Summary of Learning Outcomes
4.2 The Organization's External Environment
1. Define the external environment of organizations
Organizations must react and adapt to many forces in their internal and external environments. The context of the firms such as size and geographic location impact how environmental forces affect each organization differently. An understanding of the forces and they currently affecting organizations and pressuring structural change is crucial.
4.3 External Environments and Industries
2. Identify contemporary external forces pressuring organizations
An understanding of the various industries and organizations ‘fit’ with different types of environment in crucial. There are small and large organizations that face environments that are either stable of unstable and managing the organization by recognizing their environment is a crucial skill.
4.4 Organizational Designs and Structures
3. Identify different types of organizational structures, and their strengths and weaknesses
An understanding of Mechanistic vs Organic Structures and Systems and how they differ and how these major concepts help classify different organizational structures is crucial to recognizing organizational structures. Finally, the issue of organizational complexity and its impact on organizational structure needs to be understood.
You should be able to discuss the evolution of different types of Organizational Structures.
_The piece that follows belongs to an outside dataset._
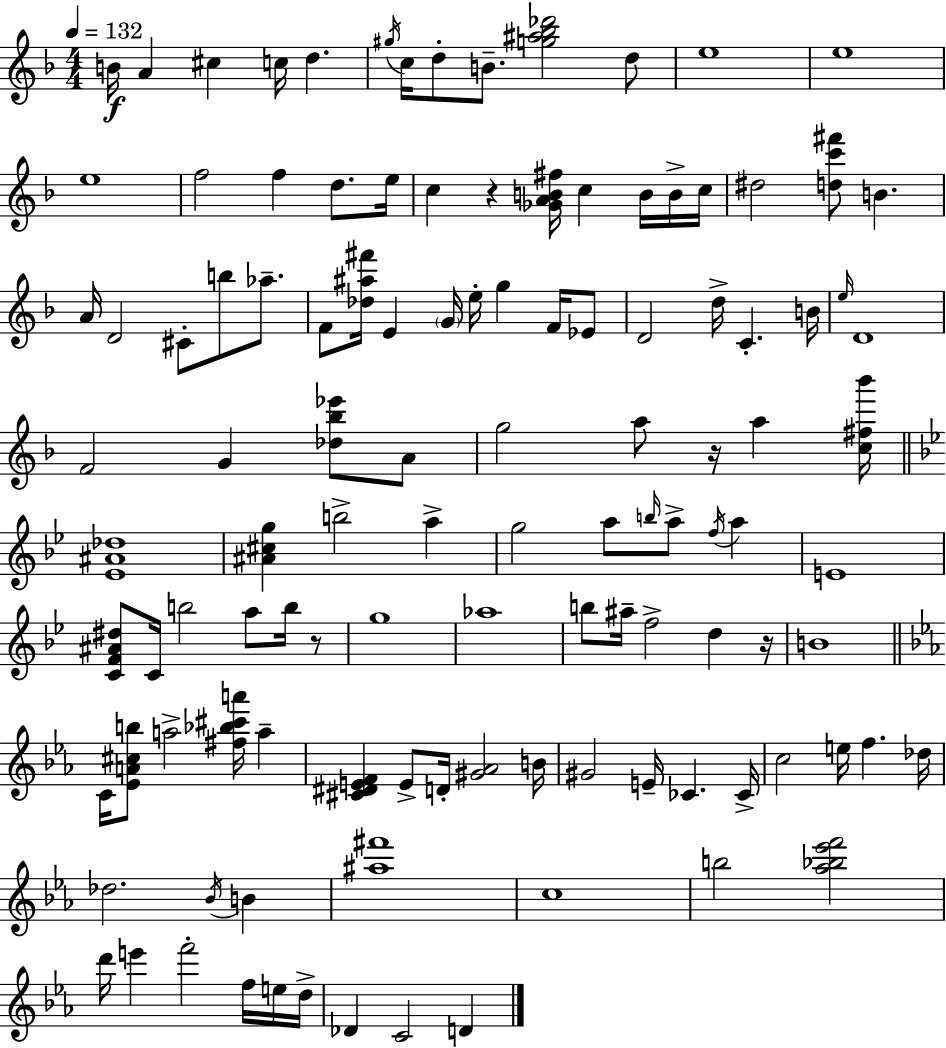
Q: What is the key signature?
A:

You should understand and identify the six types of organizational structures, and the advantages and disadvantages of each: Functional, Divisional, Matrix, Geographic, Networked Team, and Virtual.
4.5 The Internal Organization and External Environments
4. Explain how organizations organize to meet external market threats and opportunities
You should understand and identify the six types of organizational structures, and the advantages and disadvantages of each structure:
- Functional
- Divisional
- Matrix
- Geographic
- Networked Team
- Virtual
You should also understand why the internal dimensions of an organization matter with regard to how it fits with its external environment.
4.6 Corporate Cultures
5. Identify the fit between organizational cultures and the external environment
You should be able to identify and differentiate between the four types of organizational cultures and the fit of each with the external environment and describe the CVF framework. Finally, you can identify the internal dimensions of organizations, the interconnection among the dimensions, and how these affect the ‘fit’ with external environments.
4.7 Organizing for Change in the 21st Century
6. Identify environmental trends, demands, and opportunities facing organizations.
Among the trends in the external environment: (1) persistent inequality and unfairness, (2) domestic and international political tensions, (3) environmental dangers, and (4) cyber vulnerabilities. Another trend is that organizations will no longer solely be judged only for their financial performance, or even the quality of their products or services. Rather, they will be evaluated on the basis of their impact on society at large—transforming them from business enterprises into social enterprises.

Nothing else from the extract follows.